After Ozark Henry supported – and he is apparently huge, performing a set that is equal parts Massive Attack, Coldplay, Sigur Ros, Cocteau Twins, with lashings of the forgotten Tin Star – Suede come on stage to end their 18 month tour to support “Bloodsports”. 2014 has seen them play a short series of shows (largely in London, Moscow, and Japan) to make the 20th anniversary of “Dog Man Star”, and also to end the “Bloodsports” era, and also to blood new songs from the unrecorded next record. It’s an ambitious ploy, but perhaps, the alternative – playing the same 20 songs in the same order 110 times in a row – is a form of spiritual death they have chosen to avoid. There’s no sense of a knackered band, for now they divide time between writing sessions and weekend gigging, and like almost every other show I have seen, Suede are vibrantly alive. Sure, in their 2002-2003 death throes, I saw a band where a singer didn’t really want to be there, the rest grimly holding him up, but now? Now Suede are slicker, and more efficient, more spiritual, more honest perhaps, than at any point they have ever been. 2002’s earthy attempt to connect with something ‘organic’ and ‘real’ they never really had roots to was, in retrospect, insincere, and now – especially with the newer stuff, it’s fairly obvious the band no longer throw out songs that sound like Suede. After all, if you’re being yourself, how can you be anything other than true to your own muse?

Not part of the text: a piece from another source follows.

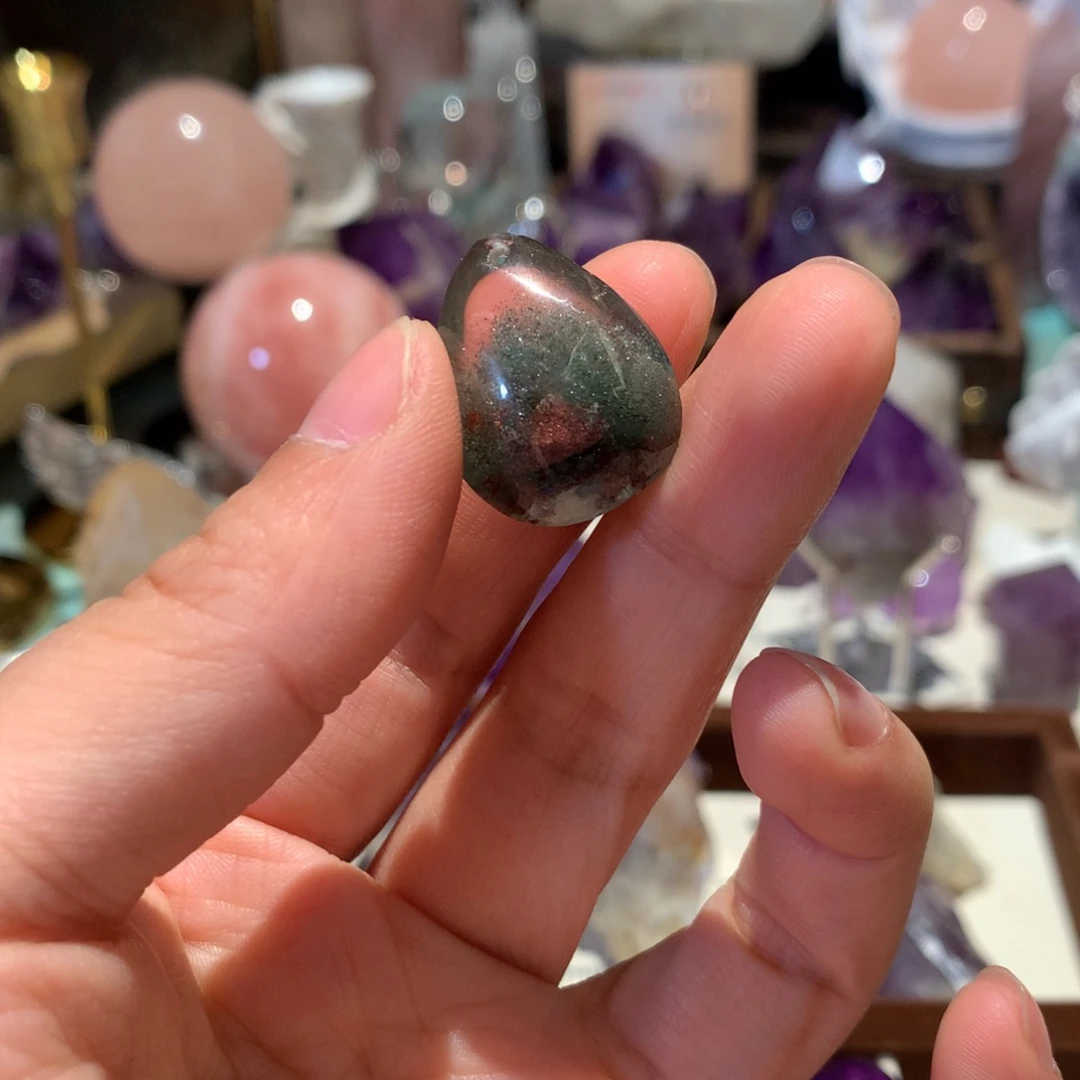 水晶手握未镶嵌?***?绿幽灵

This is a Suede that value themselves. That needed to come back to appreciate what they had had – and still have. A band whose interregnum, by the way, was at six and a half years, still shorter than the gap between Guns N Roses tours. A band in themselves, with an occasionally animated Neil Codling looking utterly at home, especially when he smiles as he comes onstage for the encore (which, in 20 years, I have never seen), and when Richard Oakes giggles as he steps away from an errant singer swinging the microphone like some kind of weird pop lasso.
Being the last show of the tour, and the last for the year, and the last until who knows when… Suede offer two things, a set tailored for both the hardcore fan, in the shape of the relatively obscure and rarely played “Europe Is Our Playground” and “Killing Of A Flashboy”, as well as a breathtakingly strong new one “Tightrope”, and the utterly heartbreaking “Sometimes I Feel I’ll Float Away”, and one for the casual fan of their past, with 14 songs, and three quarters of the night, made of hit singles. Not only did Suede know what they wanted, they know what we want. The moments where Anderson stands at near enough the lip of the stage with a glint in his eye makes it clear that he has back what he always wanted : a second chance – and this time he won’t fuck it up.
As far as band reunions go, Suede are one of the very very few that have turned a reformation or reunion into a continuation, into a second act of redemption, where they win back an artistic crown and shed the weight of their ancient decline. With their best known configuration and a new record that is genuinely very very good and better than many of their original life, their reunion – shorn of bloated sessioneers doing all the work, and embarrassing moments of squeezing into unbecoming positions – is a band doing it right.
After all, it’s a town square, next to a palace, 18 years after their biggest record, and they are still, to be honest, as good as they were then. We’re older now, and clever swine, but we’re also true to ourselves. There's still that sense of abandon at the front, the greasepaint, and, from the stage, although the band seem now accepting of their world. And, also, there's never a oment where one could doubt that this isn't a definitive lineup. Having seen near enough every version of the band barring the playing-to-a-dog-with-a-drum-machine years, it's almost bizarre to think of them now being any different, of being a rabid four piece with Bernard (and without), or their Alex Lee era – not to pretend they didn't happen, but that when they acquit material from Butler era, there's no sense that any members of this band are playing other people's songs ; whilst modern day Oakes would not write “Metal Mickey”, neither would Butler, and here Suede acknowledge their past without being slavish to it, with the gorgeous and fragile “Tightrope” as proof that they are still looking forward, and the splendid “It Starts And Ends With You” sounding like a worthy next chapter.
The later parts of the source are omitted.